Wenn die Menschen aus Noth, wie die Venetianer, sich in den Sumpf setzen, oder aus Zufall an dem ungeschicktesten Ort sich ansiedeln, wie die ersten Römer, so mag das hingehen; aber so von heiler Haut, wie der große Kaiser, das Ungeschickte thun, zu der Seinigen unheilbaren Verderben, ist doch eine gar zu traurige Äußerung des absolut- [71] monarchischen Princips. – Ein alter Fischer soll ihm vorausgesagt haben daß dahin keine Stadt gehöre.

Wenn ich ihn entschuldigen will, so muß ich sagen: daß das große Original-Genie auch durch eine Anwandlung von Nachahmung ist verführt worden. Er hatte Amsterdam und das holländische Deichwesen im Sinne, ohne zu sehen daß es hierher gar nicht passe. Die Holländer selbst begingen den Fehler bey der Anlage von Batavien und bildeten sich ein, man lebe eben so ungestraft im Sumpfe unter der heißen Zone als in der kühlen und kalten.

Nun zu etwas Lustigern! Da du doch auf's Französische eingerichtet bist, so rathe ich zu lesen, wenn es noch nicht geschehen wäre: Le Théâtre de Clara Gazul, Poésies de Béranger. An beiden wirst du auf's klarste erkennen was Talent, um nicht zu sagen Genie, vermag, wenn es in einem prägnanten Zeitpunct auftritt und gar keine Rücksicht nimmt. Haben wir ja ohngefähr auch so begonnen.
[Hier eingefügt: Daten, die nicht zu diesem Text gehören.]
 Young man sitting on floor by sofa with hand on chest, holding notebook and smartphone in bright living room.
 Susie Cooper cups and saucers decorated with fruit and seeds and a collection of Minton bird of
Diese Tage her war ich in Frucht, es möge deinen am 21. Februar abgesendeten Fischchen ergehen wie einer verspäteten Schlittenfahrt: Die Kälte war aufgehoben, der Westwind stürmte, eine Schneeschicht nach der andern thaute weg; allein gestern sind sie glücklich angekommen, völlig gesund und genießbar. Empfange daher den allerschönsten Dank! Diese seltene Speise wird nächste Woche Veranlassung seyn zu einigen Gastgeboten.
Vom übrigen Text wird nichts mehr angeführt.